## WHAT IS BEING ASKED
Repeat what the lines below say, word for word, and skip every image.

## RAW DATA
--- START ---

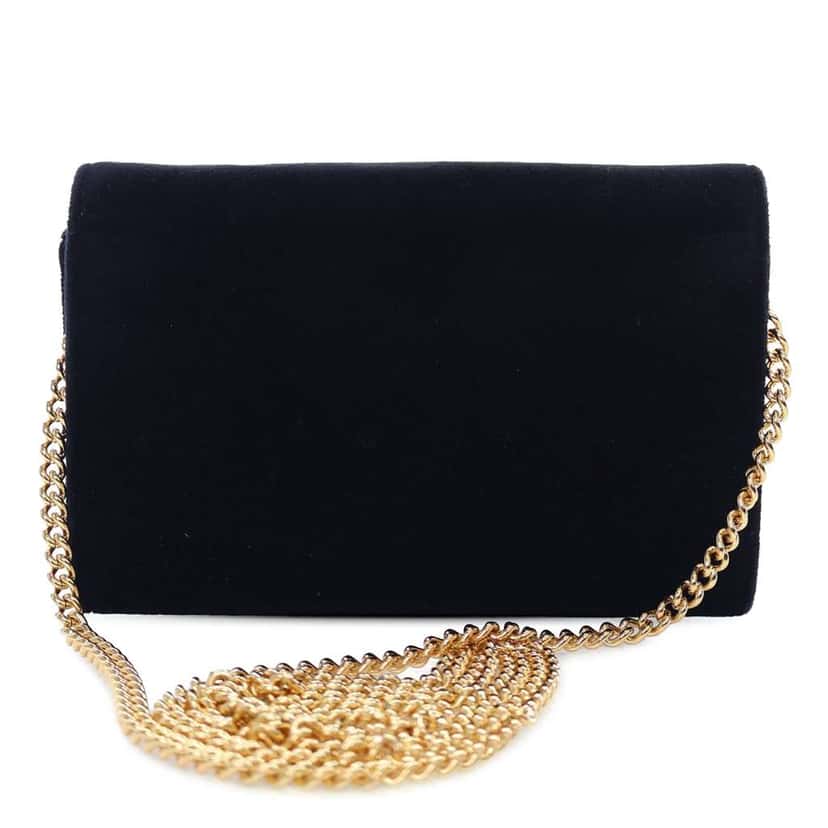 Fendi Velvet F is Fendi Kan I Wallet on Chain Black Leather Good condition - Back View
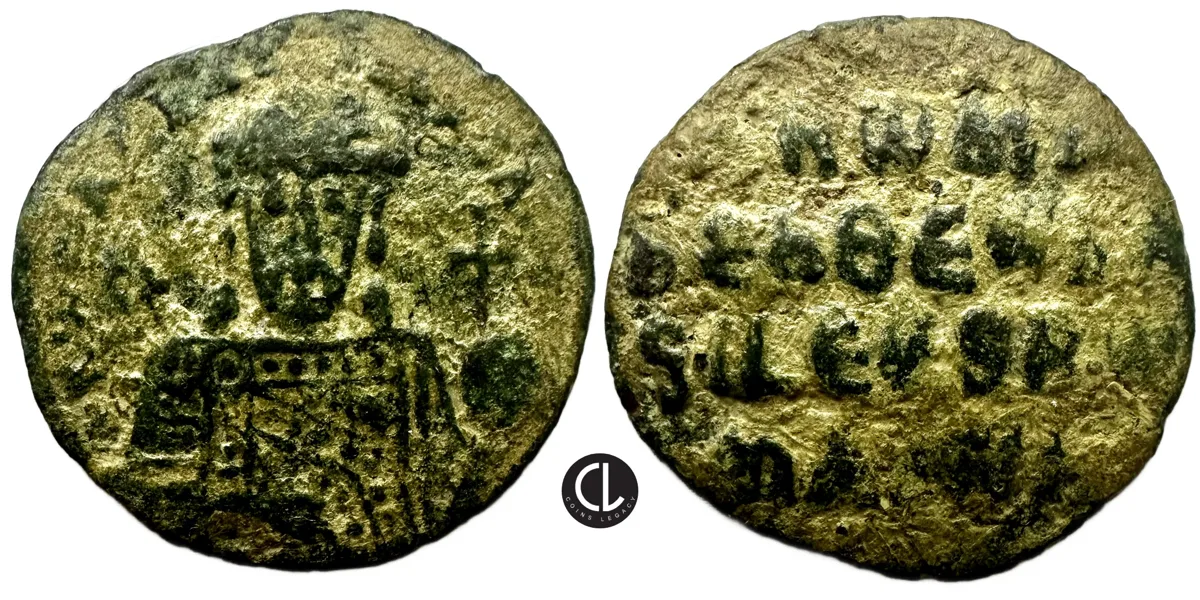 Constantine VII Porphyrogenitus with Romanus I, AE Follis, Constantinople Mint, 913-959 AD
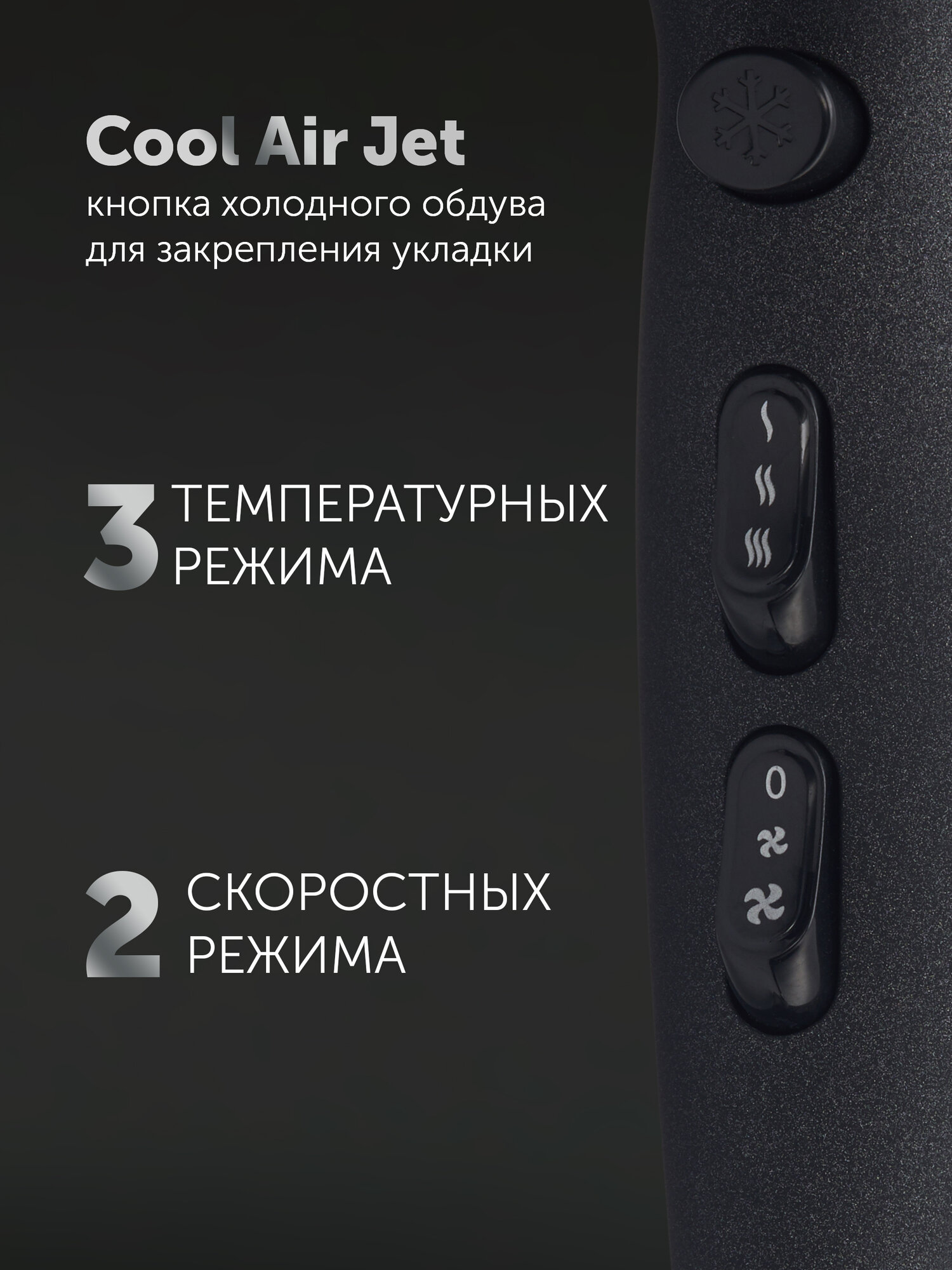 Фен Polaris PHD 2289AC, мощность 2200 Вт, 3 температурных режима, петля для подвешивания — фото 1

--- END ---

## OUTPUT OF THE TASK
 Fendi Velvet F is Fendi Kan I Wallet on Chain Black Leather Good condition - Back View
 Constantine VII Porphyrogenitus with Romanus I, AE Follis, Constantinople Mint, 913-959 AD
 Фен Polaris PHD 2289AC, мощность 2200 Вт, 3 температурных режима, петля для подвешивания — фото 1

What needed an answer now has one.